*** Given data ***

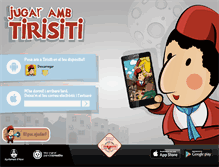Tablet Preview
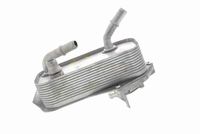 Oliekoeler, automatische transmissie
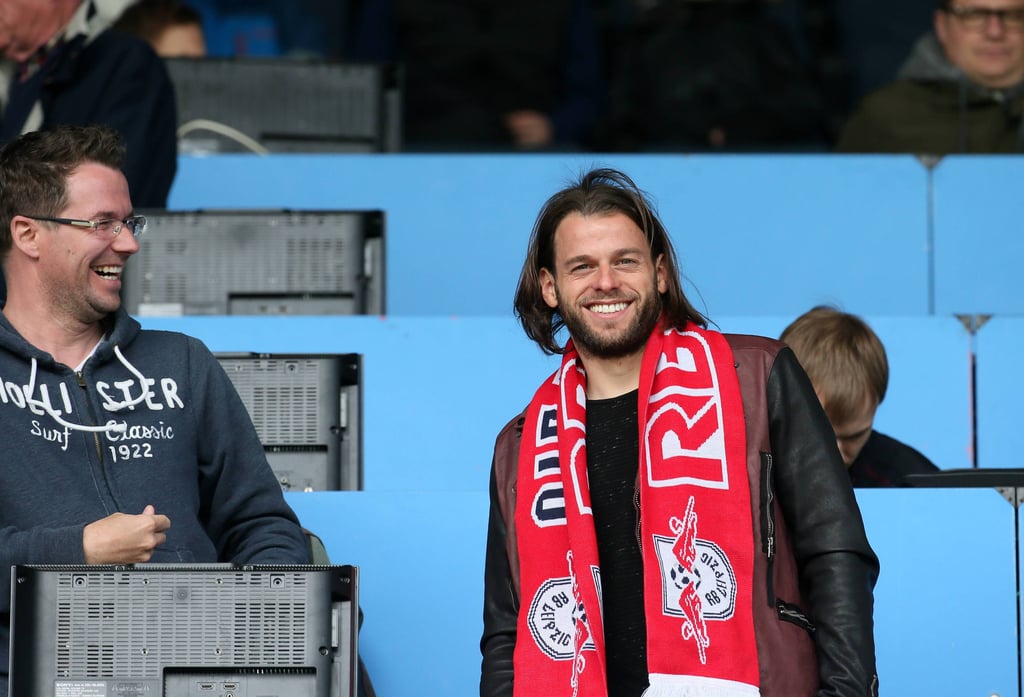 Timo Röttger wird Scout beim Halleschen FC.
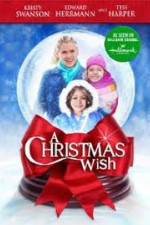 Watch A Christmas Wish 123MovieFree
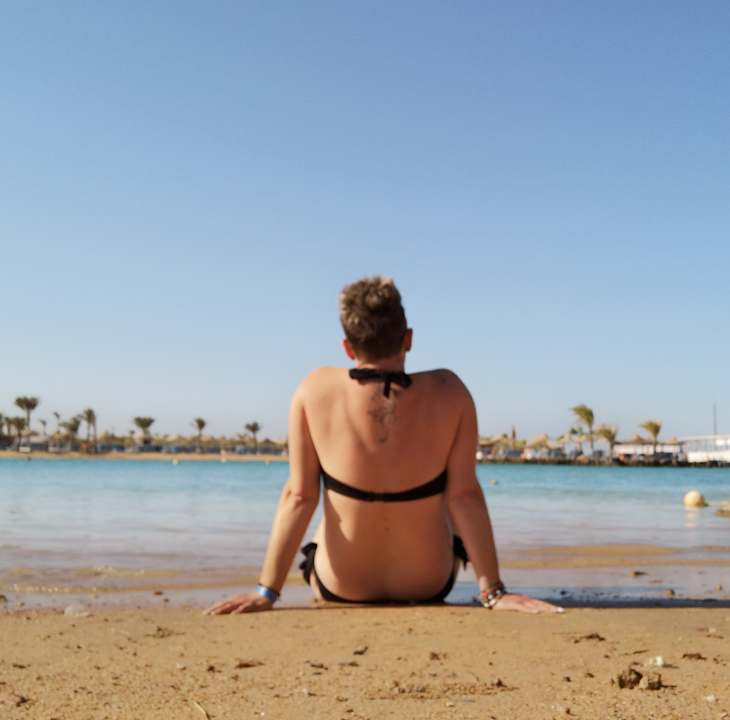 Strand LABRANDA Club Makadi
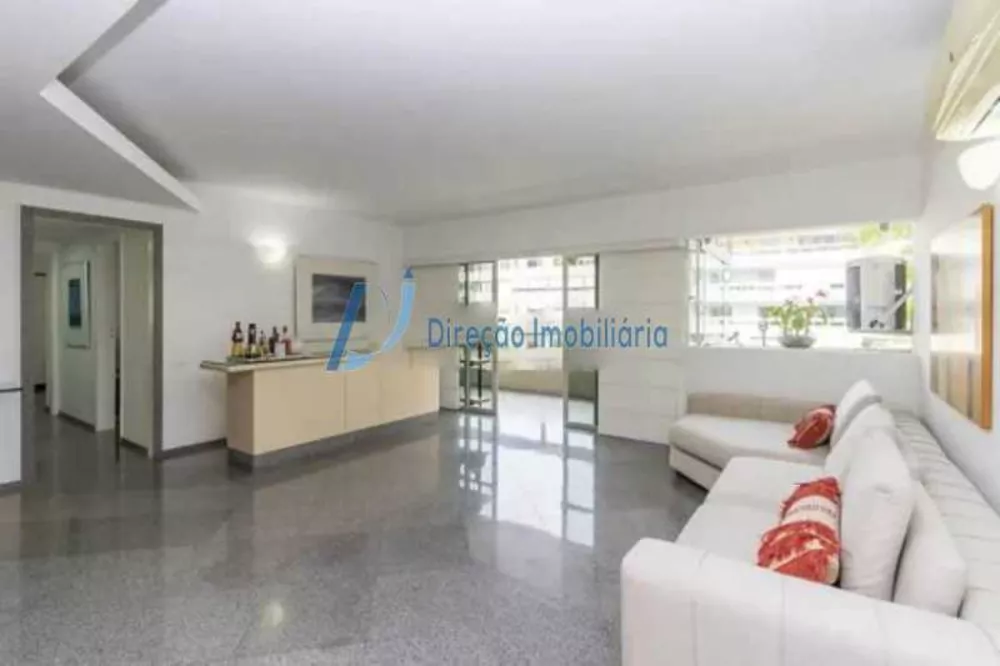 Apartamento, 4 quartos, 153 m² - Foto 10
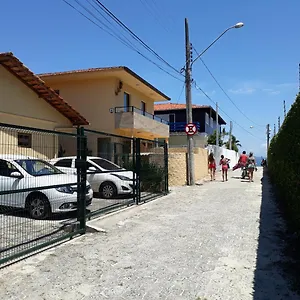 Apartamento Beira Mar Jurere Kit, Florianópolis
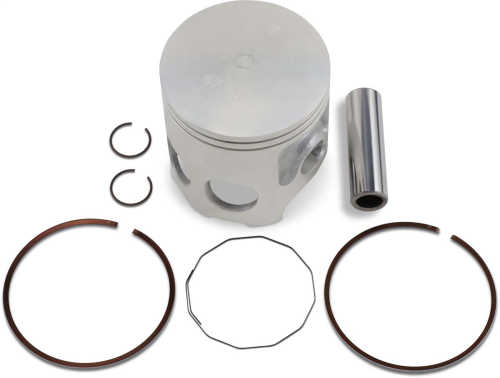 Athena - Athena Piston Kit (392cc Big Bore) (A) - 4.00mm Oversize to 67.95mm - S4C06800001A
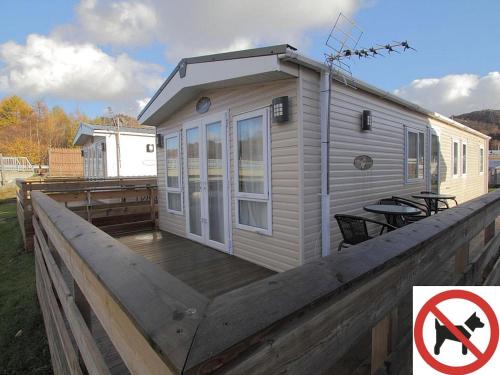 Three-Bedroom Cottage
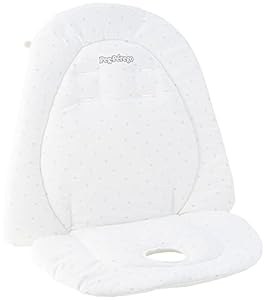 Peg Perego Y5BABYCUSH Baby Cushion Wendeauflage für Buggys und Hochstühle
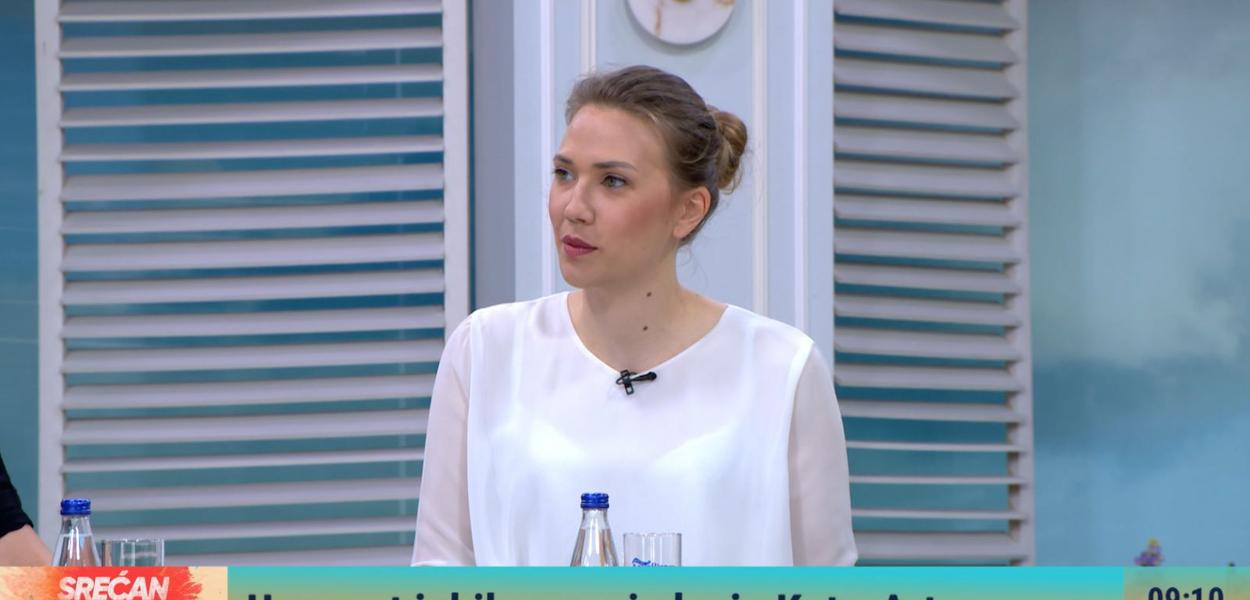 Foto: TV E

***

**Instructions for the task**
Could you transcribe every entry above exactly, leaving out the images?

**Response**
Tablet Preview
 Oliekoeler, automatische transmissie
 Timo Röttger wird Scout beim Halleschen FC.
 Watch A Christmas Wish 123MovieFree
 Strand LABRANDA Club Makadi
 Apartamento, 4 quartos, 153 m² - Foto 10
 Apartamento Beira Mar Jurere Kit, Florianópolis
 Athena - Athena Piston Kit (392cc Big Bore) (A) - 4.00mm Oversize to 67.95mm - S4C06800001A
 Three-Bedroom Cottage
 Peg Perego Y5BABYCUSH Baby Cushion Wendeauflage für Buggys und Hochstühle
 Foto: TV E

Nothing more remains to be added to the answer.